It’s a good idea for The New York Times to point out that Wall Street is betting against Greece after having helped get it in dire straits.
Banks helped Greece obscure its actual debt from regulators (and investors, which seems like where any actual fraud may have been), and now are betting against it, which the Times reports is making it all the more likely that those bets will pay off.
They do that by buying credit-default swaps, which pay off if Greece defaults on its debts. The potential problem here is that by piling into the CDS, the banks (and hedge funds) make it more likely that the CDS will actually pay off. That’s because increased buying raises the cost of the insurance, and bond buyers look at the CDS indexes to help them gauge how risky it is to lend to someone. If they push Greece’s new borrowing costs higher, it increases the difficulty of Greece actually paying its already-huge debts or borrowing more to keep afloat.
Or as a Times source succinctly puts it:
“It’s like buying fire insurance on your neighbor’s house — you create an incentive to burn down the house,” said Philip Gisdakis, head of credit strategy at UniCredit in Munich.
The problem here is it’s difficult to say what Greece’s bonds would be doing if there were no CDS market. And it’s hard to tell when the CDS index goes from being the canary in the coal mine to actually killing the canary itself.

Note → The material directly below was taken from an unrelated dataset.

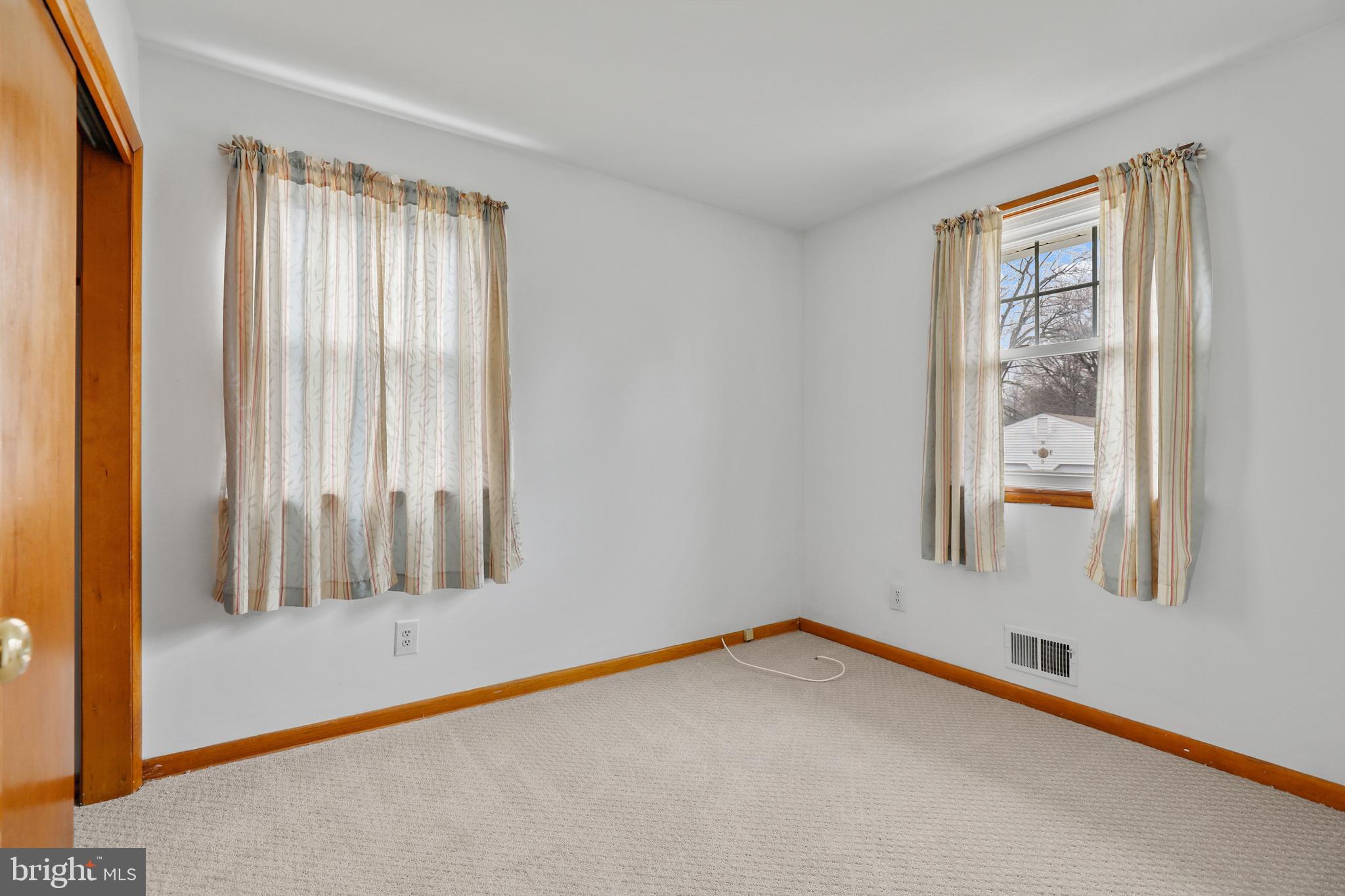 1330 Spring Avenue Rosedale, MD 21237 - Photo 10 of 26 Bedroom #2.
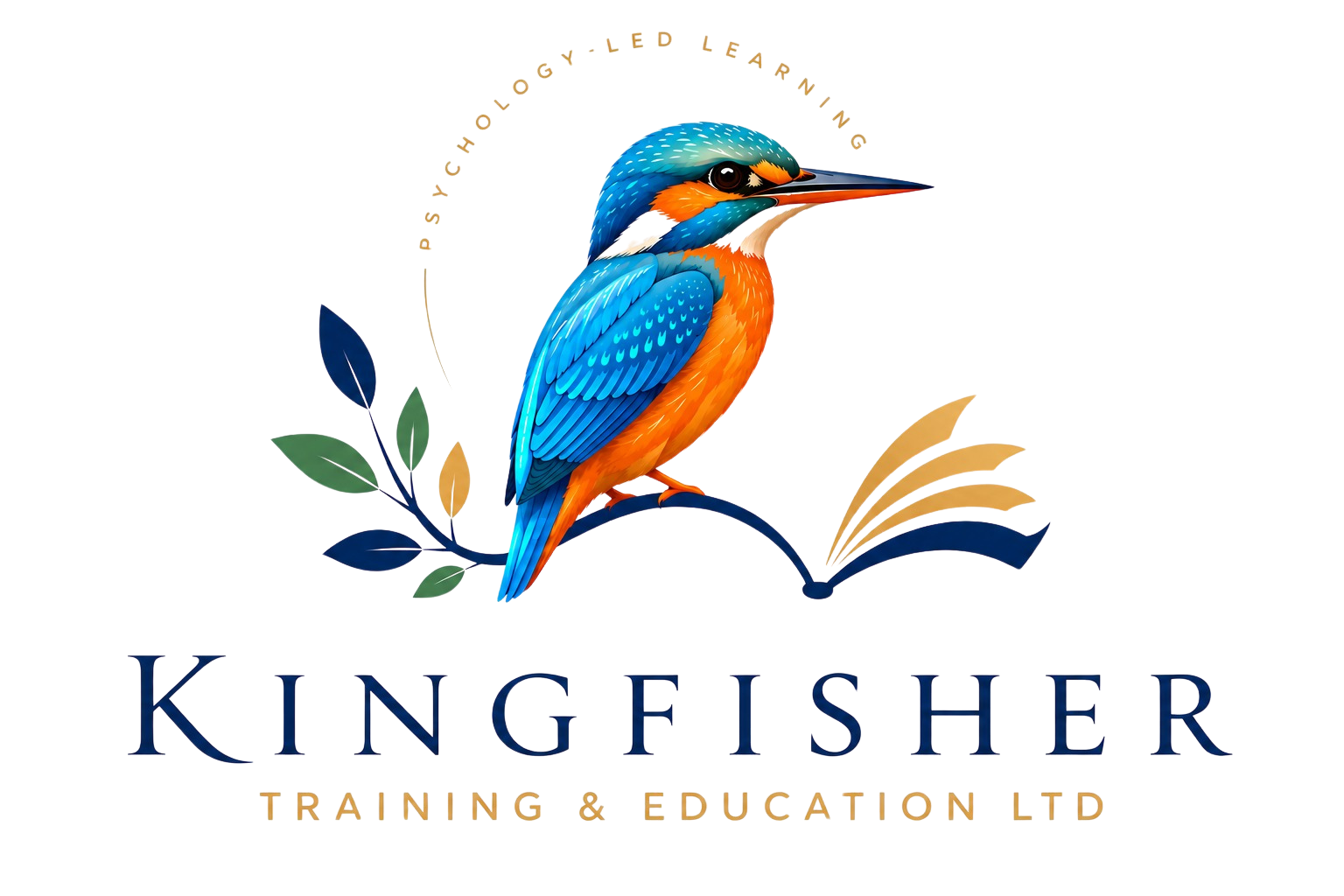 Kingfisher Training & Education Ltd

I don’t think the NYT is quite clear enough on that. Here’s what it says:
On several days in late January and early February, as demand for swaps protection soared, investors in Greek bonds fled the market, raising doubts about whether Greece could find buyers for coming bond offerings.
The paper is implying here that investors fled Greek bonds because the CDS price went up. But, of course, while interesting, correlation doesn’t equal causation. It stands to reason that investors in both instruments—Greek CDS and Greek bonds—both got spooked at the same time, driving up the cost of the former and driving down the cost of the latter. It’s hard to say whether CDS were the horse or the cart here, and the TImes shouldn’t imply it knows.
But that doesn’t mean it’s wrong for the Times to put this activity in the spotlight—far from it. The story shows the conflicts of interest rife in the CDS market. The piece’s point is logical: That CDS can be a self-fulfilling prophecy. It’s clear that bond investors have increasingly looked to the CDS market for signals, most famously in the waning days of the housing bubble when the indexes were created, allowing investors to bet against subprime asset-backed securities and the like.
And it has reporting that bolsters its case, like this:
“It’s like the tail wagging the dog,” said Markus Krygier, senior portfolio manager at Amundi Asset Management in London, which has $40 billion in global fixed-income assets. “There is a knock-on effect, as underlying positions begin to seem riskier, triggering risk models and forcing portfolio managers to sell Greek bonds.”
Such derivatives have assumed an outsize role in Europe’s debt crisis, as traders focus on their daily gyrations.
It’s a potential feedback loop, that’s for sure. And it’s always good to keep a close eye on CDS, which played a key role in causing the broader financial crisis in the first place.